*** Opening of Supplied material ***

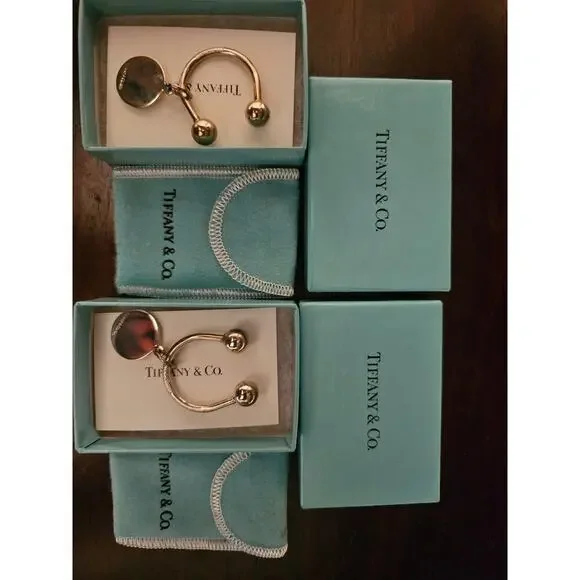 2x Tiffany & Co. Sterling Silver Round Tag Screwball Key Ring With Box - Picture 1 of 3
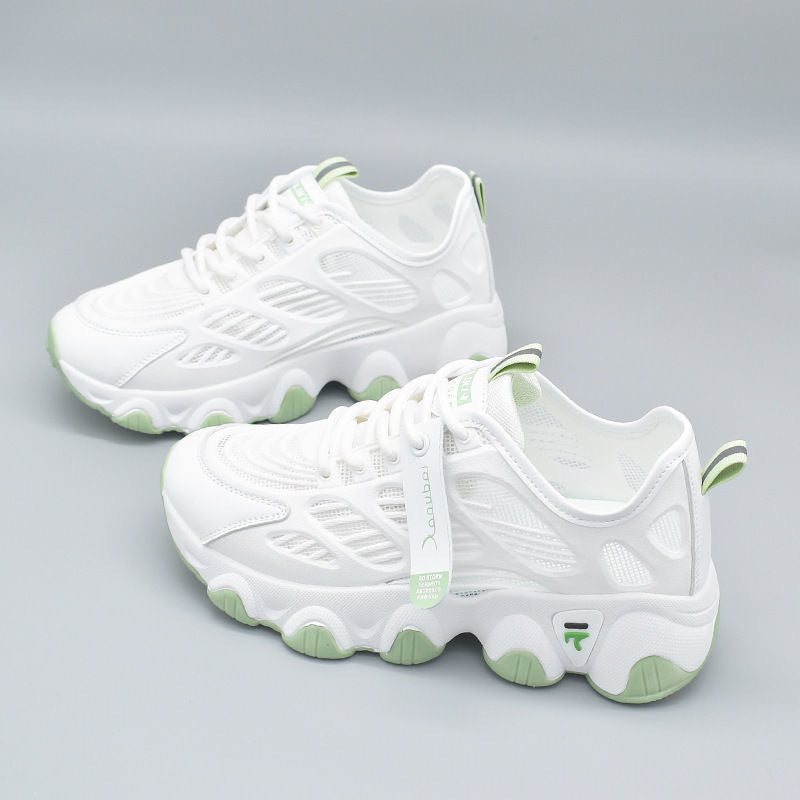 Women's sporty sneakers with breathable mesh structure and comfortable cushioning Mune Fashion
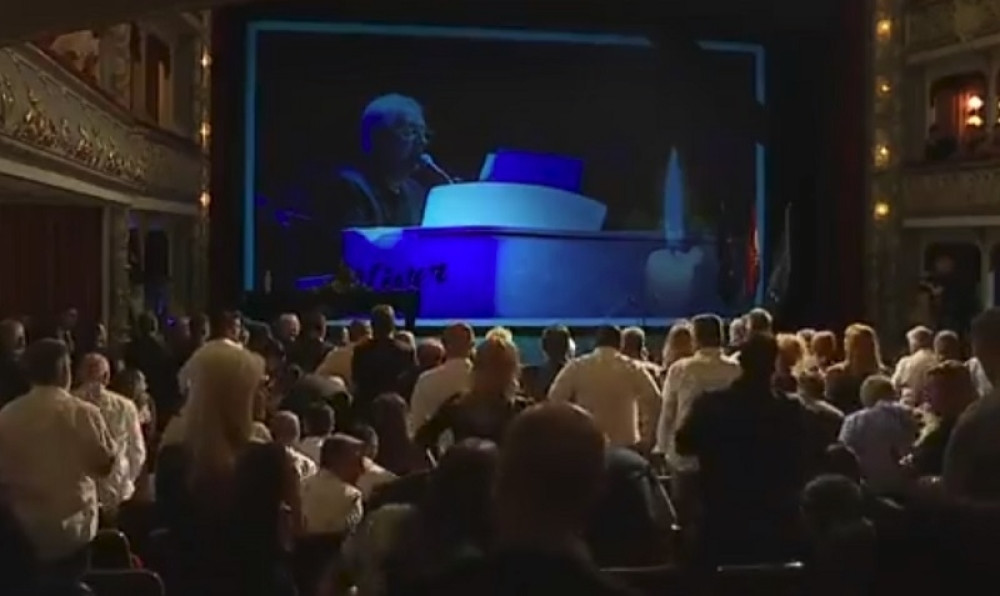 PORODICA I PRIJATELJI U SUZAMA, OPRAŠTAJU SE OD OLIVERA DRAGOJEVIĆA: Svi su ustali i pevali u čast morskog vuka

*** Close of Supplied material ***

Your answer should contain all the material above, written out exactly, and none of the pictures.

 2x Tiffany & Co. Sterling Silver Round Tag Screwball Key Ring With Box - Picture 1 of 3
 Women's sporty sneakers with breathable mesh structure and comfortable cushioning Mune Fashion
 PORODICA I PRIJATELJI U SUZAMA, OPRAŠTAJU SE OD OLIVERA DRAGOJEVIĆA: Svi su ustali i pevali u čast morskog vuka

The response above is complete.